Advent of Code - Day 15

I've been going through the Advent of Code, and it's been pretty straight forward day to day. I got to day 15, and it took me a little bit to think of how to get an array of 4 digits that also adds up to 100. After some thought, I then gave into the easy, brute force solution. There was a previous puzzle for "incrementing" a password and I thought I could solve this one the same way.

In other words, I'd start with [0,0,0,0] and always increment the right-most digit (array with index = len(array)-1) and when it hit 100, it would increment the digit at position len(array)-2 and reset the current one back to 0. This would take F@#%inG FOREVER. But it would loop through all possible combinations.  Before calculating the "cookie recipe" based on the array, I would first check if they added up to 100, if not I would just increment until it did add up to 100. One quick brilliant optimization I made was to start with the initial array of [0,0,0,99] :)  (I kid on the brilliance of it... it saved 99 iterations in what could be a hundred million).

So then I thought again about it. There were two other previous puzzles where you could brute force the solution by first getting all possible permutations of the elements, and looping over all permutations, applying the logic, and sorting them to tell you the highest / lowest combined value.  I thought, this seems similar in a way to that, moreso than it did to the password incrementing.

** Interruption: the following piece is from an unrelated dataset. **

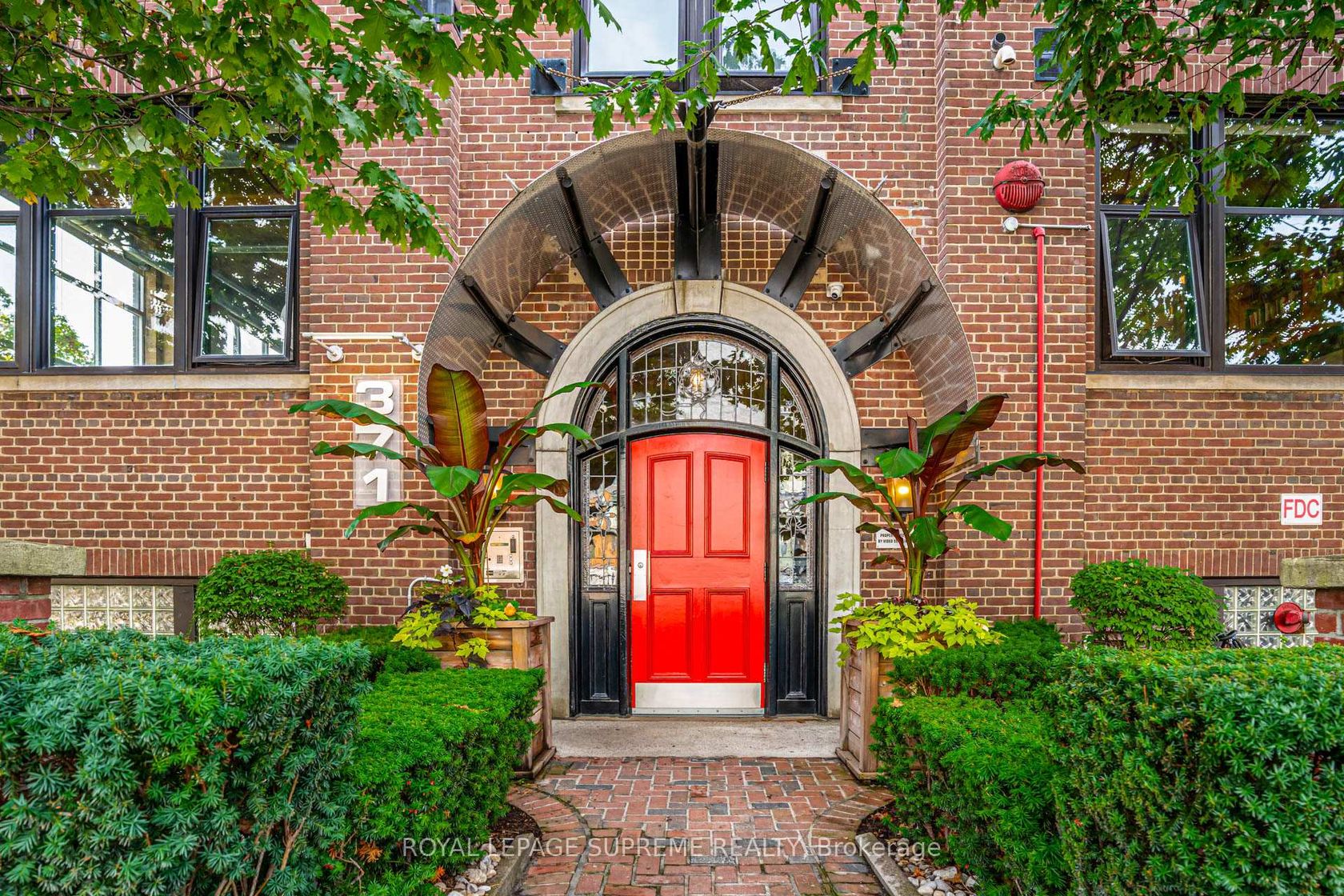 10 - 371 Wallace Avenue, Junction, Toronto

So you'd start with inserting 100 into a blank array, then recursively call a method that would give you permutations of the remaining value, in this case would be 0. So in the end it would return [100,0,0,0]

If I inserted 50 into the array first, it would then give me permutations of the remaining 50.

So, [50,25,25,0], [50,25,0,25], [50,26,0,24] etc, all the way to [50,0,0,50], [50,50,0,0], [50,0,50,0].  Totally exhaustive but also, 100% correct and I never have to check if the sum of the array adds up to 100, because it's guaranteed to! :)

Here's that method in Go

func Perms(total, num int) [][]int {
    ret := [][]int{}
    if num == 2 {
        for i := 0; i < total/2 + 1; i++ {
            ret = append(ret, []int{ total-i, i })
            if i != total - i {
                ret = append(ret, []int{ i, total-i })
    } else {
        for i := 0; i <= total; i++ {
            perms := Perms(total-i, num-1)
            for _, p := range perms {
                q := append([]int{ i }, p...)
                ret = append(ret, q)
    return ret

perms := Perms(5, 3)

And the output

[[0 5 0] [0 0 5] [0 4 1] [0 1 4] [0 3 2] [0 2 3] [1 4 0] [1 0 4] [1 3 1] [1 1 3]
[1 2 2] [2 3 0] [2 0 3] [2 2 1] [2 1 2] [3 2 0] [3 0 2] [3 1 1] [4 1 0] [4 0 1]
[5 0 0]]

YES!!! I thought about that one for a while. I knew there had to be a way to do it :)

More importantly, for the Perms(100,4) input in the puzzle, it returns only 176,851 possible permutations, and my original brute force method could have looped 100,000,000 (one hundred million) times!!  Quite the improvement.